AIM OF THE EXERCISE
Write out every line of the material as it stands, apart from the pictures.

DATA PROVIDED
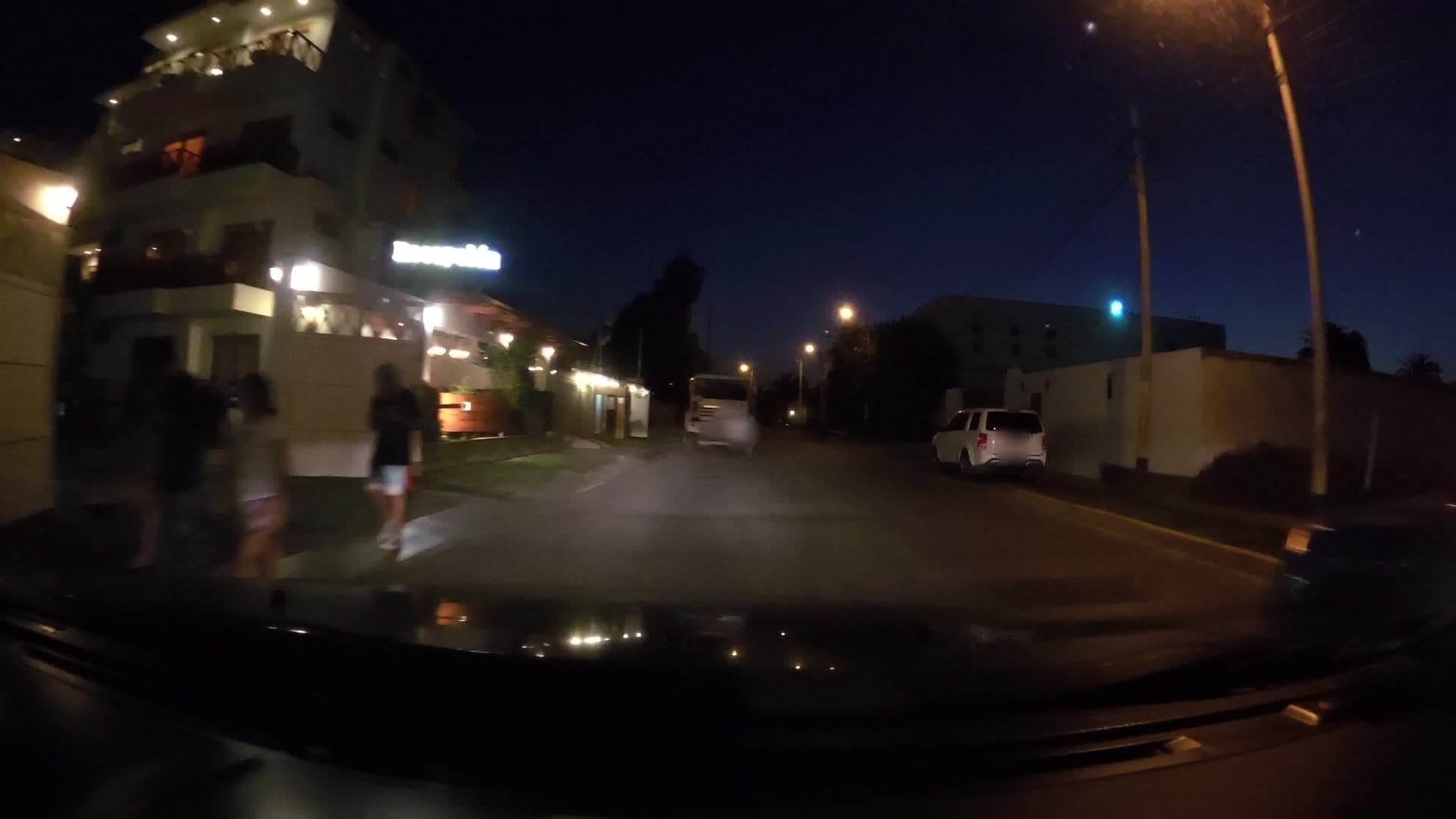 Street view near Hotel Emancipador, Paracas — © kaartcam (CC BY-SA · Mapillary)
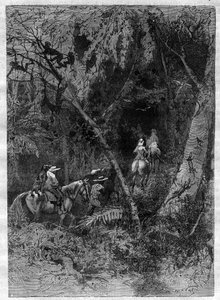 Exploración de África Central por Verney Lovett Cameron de Unknown artist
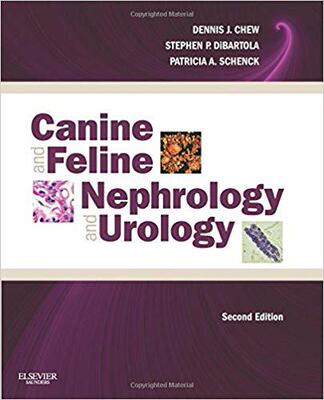 【预售】Canine and Feline Nephrology and Urology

RESPONSE
 Street view near Hotel Emancipador, Paracas — © kaartcam (CC BY-SA · Mapillary)
 Exploración de África Central por Verney Lovett Cameron de Unknown artist
 【预售】Canine and Feline Nephrology and Urology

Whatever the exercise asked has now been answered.